TASK DESCRIPTION
From the entries below, copy exactly the lines from the one that contains "Sponhebob 25th Themed" through the one that contains "Sacheu Lip Elixir", both included, and only those.

DATA SECTION
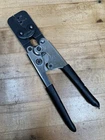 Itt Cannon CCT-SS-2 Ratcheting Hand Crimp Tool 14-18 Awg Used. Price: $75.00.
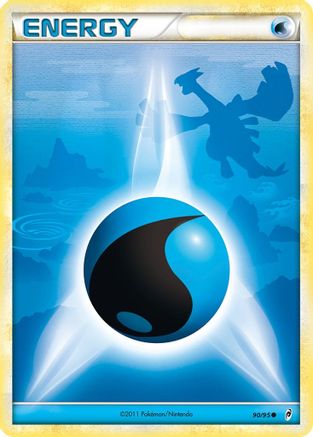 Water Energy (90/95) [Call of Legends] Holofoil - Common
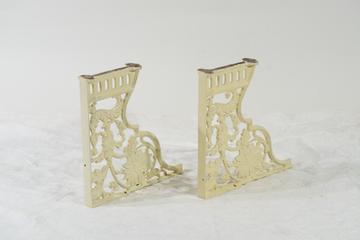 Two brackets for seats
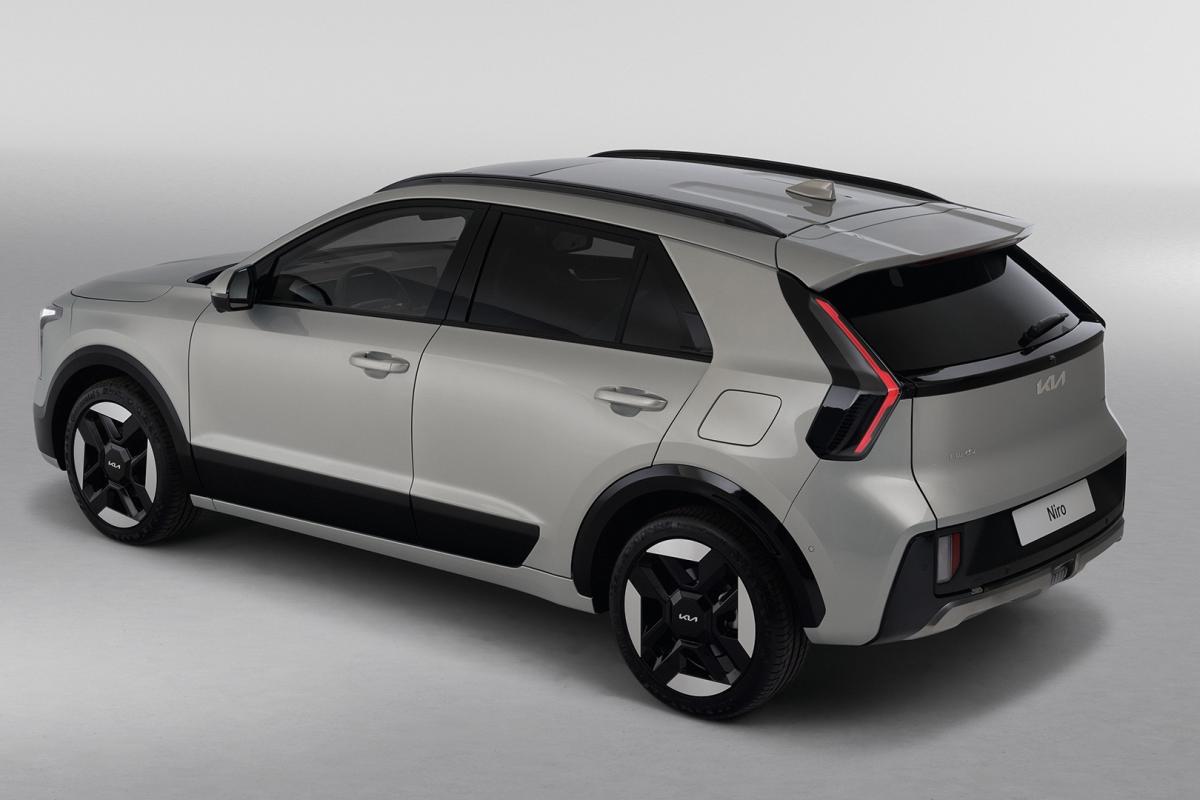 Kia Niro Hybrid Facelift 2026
---
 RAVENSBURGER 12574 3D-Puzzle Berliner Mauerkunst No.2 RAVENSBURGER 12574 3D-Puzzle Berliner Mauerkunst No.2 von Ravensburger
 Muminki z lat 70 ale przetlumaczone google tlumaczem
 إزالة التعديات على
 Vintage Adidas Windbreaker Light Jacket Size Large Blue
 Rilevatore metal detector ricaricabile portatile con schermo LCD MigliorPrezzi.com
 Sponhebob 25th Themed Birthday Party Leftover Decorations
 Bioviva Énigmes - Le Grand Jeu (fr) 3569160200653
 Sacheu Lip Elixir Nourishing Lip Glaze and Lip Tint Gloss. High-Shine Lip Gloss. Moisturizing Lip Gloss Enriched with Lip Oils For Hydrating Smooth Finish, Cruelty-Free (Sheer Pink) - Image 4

TASK RESULT
 Sponhebob 25th Themed Birthday Party Leftover Decorations
 Bioviva Énigmes - Le Grand Jeu (fr) 3569160200653
 Sacheu Lip Elixir Nourishing Lip Glaze and Lip Tint Gloss. High-Shine Lip Gloss. Moisturizing Lip Gloss Enriched with Lip Oils For Hydrating Smooth Finish, Cruelty-Free (Sheer Pink) - Image 4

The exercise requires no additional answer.